Last but not least, if he’s a real Bro and his relationship with his ex was solid and not the aforementioned description, then there’s really only one thing left to examine: your relationship with his ex.

It’s possible that you’ve always had feelings for this girl, but had to take a backseat because your Bro stepped in first. It’s also possible that you were the one who introduced them and didn’t realize until they got together how you felt. I know, I know, this all very Rom-Com-esque, but it’s important in justifying your behavior. Ultimately if your relationship with his ex is that of “she’s hot and I want to fuck her,” then it isn’t worth coming between true Broship.

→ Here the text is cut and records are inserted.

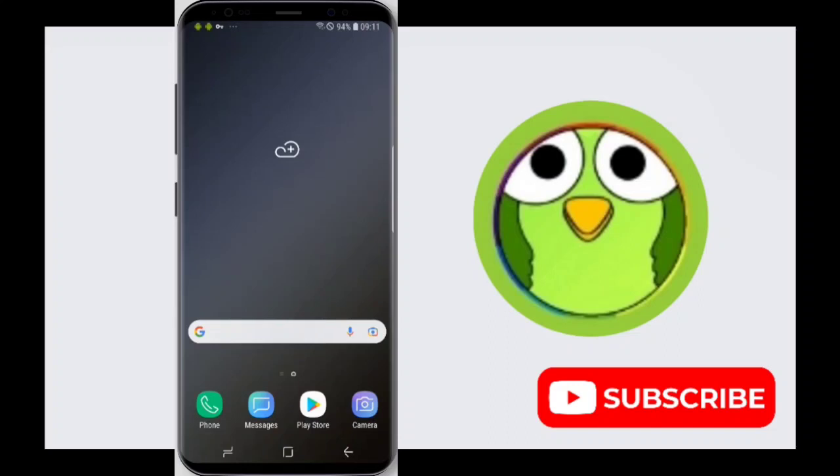How to turn on blue light filter. Hello friends, welcome back to TechSortu. In this video, I'm going to show you how you can easily turn on blue light filter in your Samsung Galaxy S9.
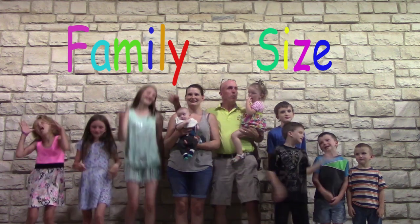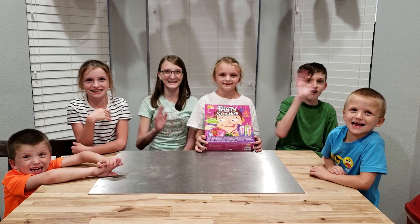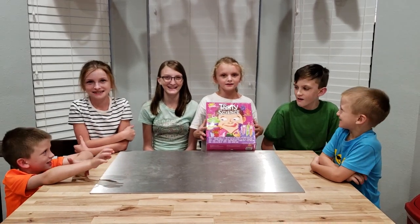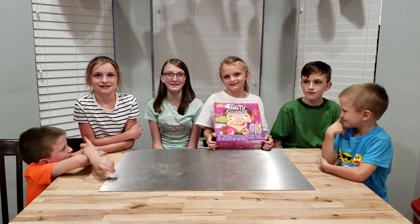Family size fun! Hi guys! Nana got me this cool science thing for my birthday, so we're going to test out one of the experiments.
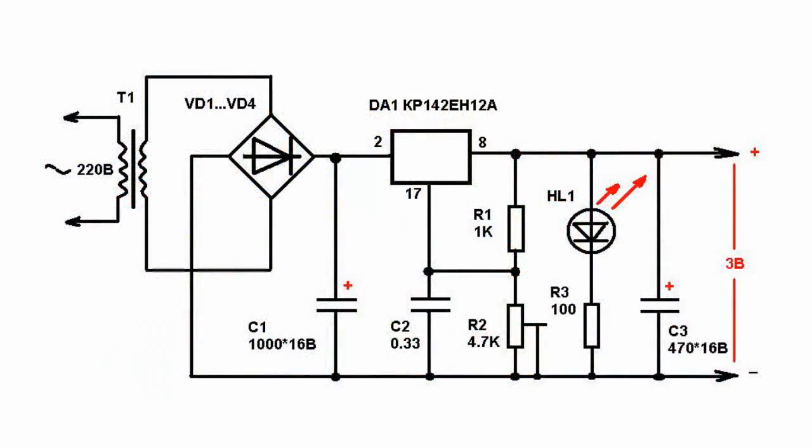The base used is a proven circuit with the use of the voltage stabilizer KR142EN12A or LM317.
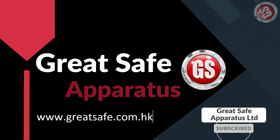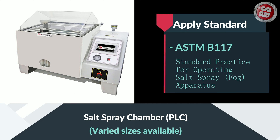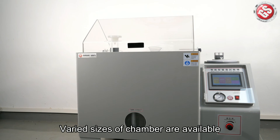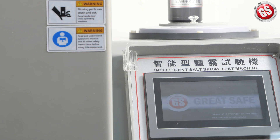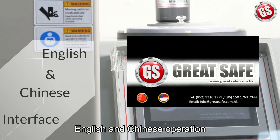Welcome to our channel. In this channel we will show you the testing machine operation. Now I will show you the salt spray chamber. We can provide varied sizes for the chamber and it can apply to most of the salt spray testing standards. Our smart control system has English and Chinese interface.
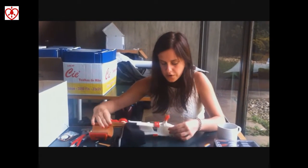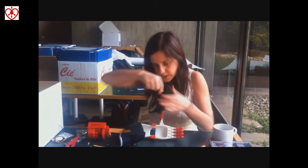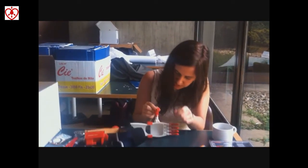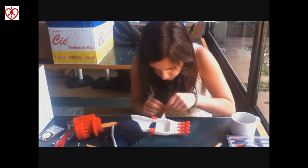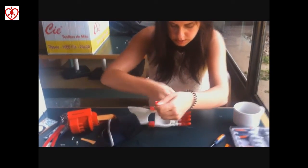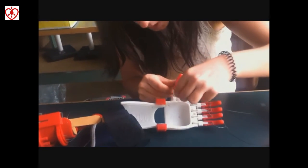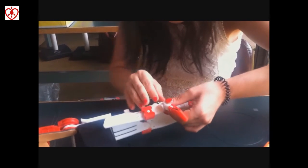I'm going to show you how we simulate the tendons and the muscles — they are represented by fishing line. We get the fishing line stuck in here at the tip of the finger, and then it goes through this channel like this, simulating the tendon, and then it goes this way.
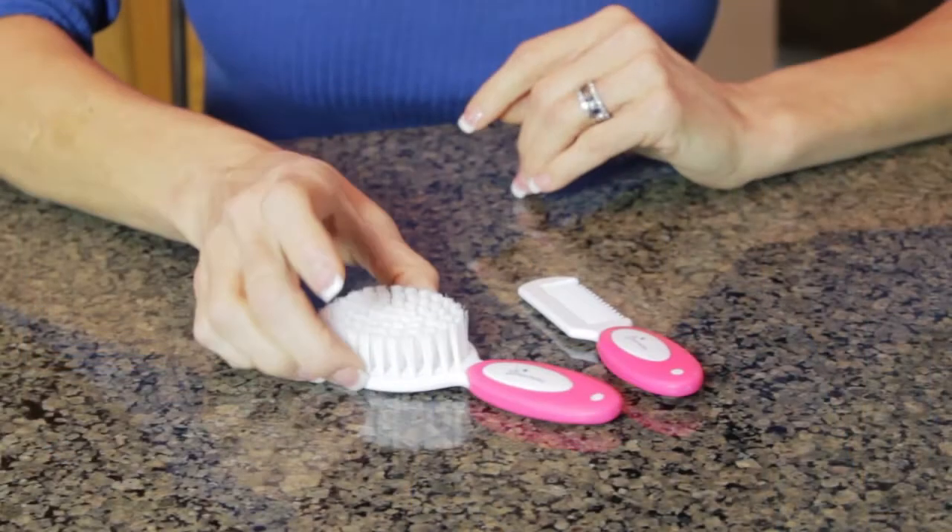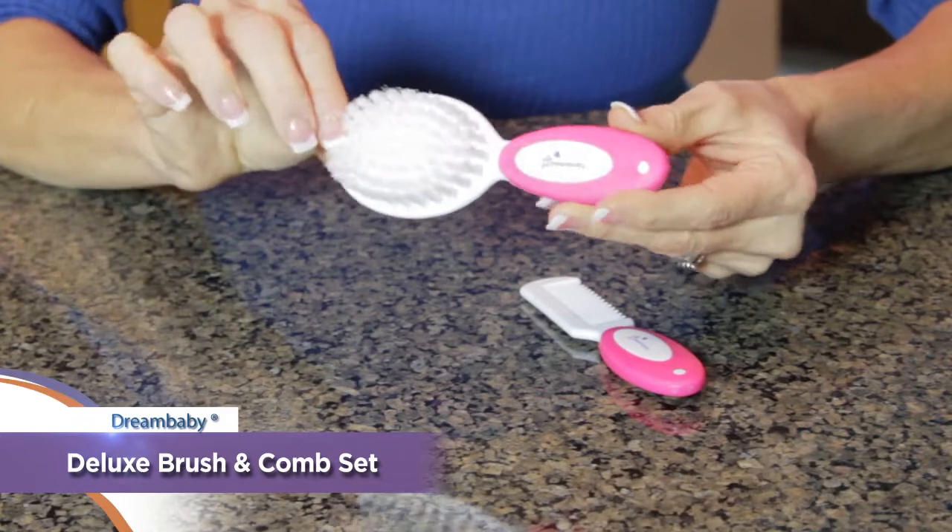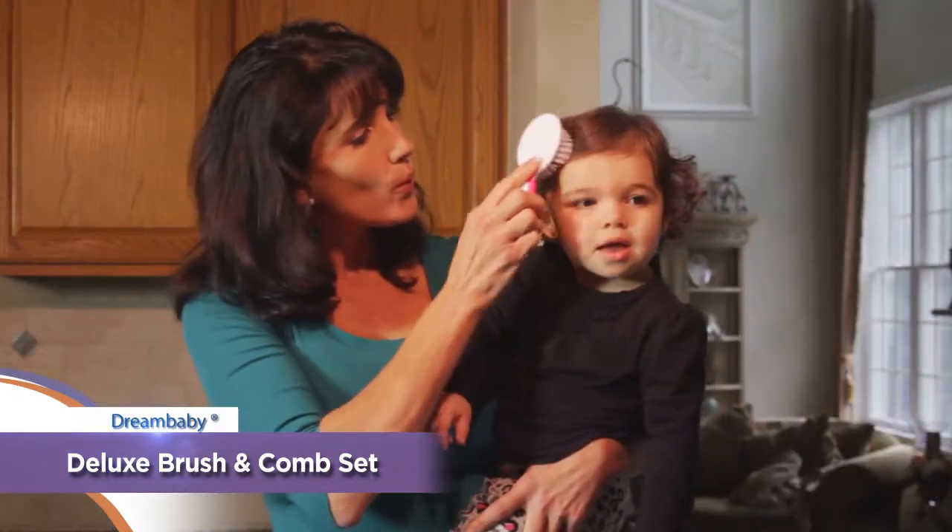The Dream Baby Brush and Comb Set is a great first step to personal grooming. Let's take a closer look. The Dream Baby Brush is soft and gentle on the scalp with an easy-grip, toddler-sized handle.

However, if there really is something “deeper” to how you view this girl, then fuck it, you gotta follow your heart. If he’s really your friend, he’ll understand, right? Maybe he’ll punch you in the throat, yeah (that seems more likely), but I’m trying to optimistic and such.

Alright fellas, that’s that. In summary you CAN date a Bros ex if:

He’s not really your Bro, his relationship with his Ex sucked huge balls, or you’ve had genuine feelings for his ex for a long time and have been waiting for your shot.

I’m genuinely interested in hearing about some of your personal experiences with this, so maybe instead of leaving unoriginal memes in the comment section (which you now will do to be spiteful) you can share. Thanks a million!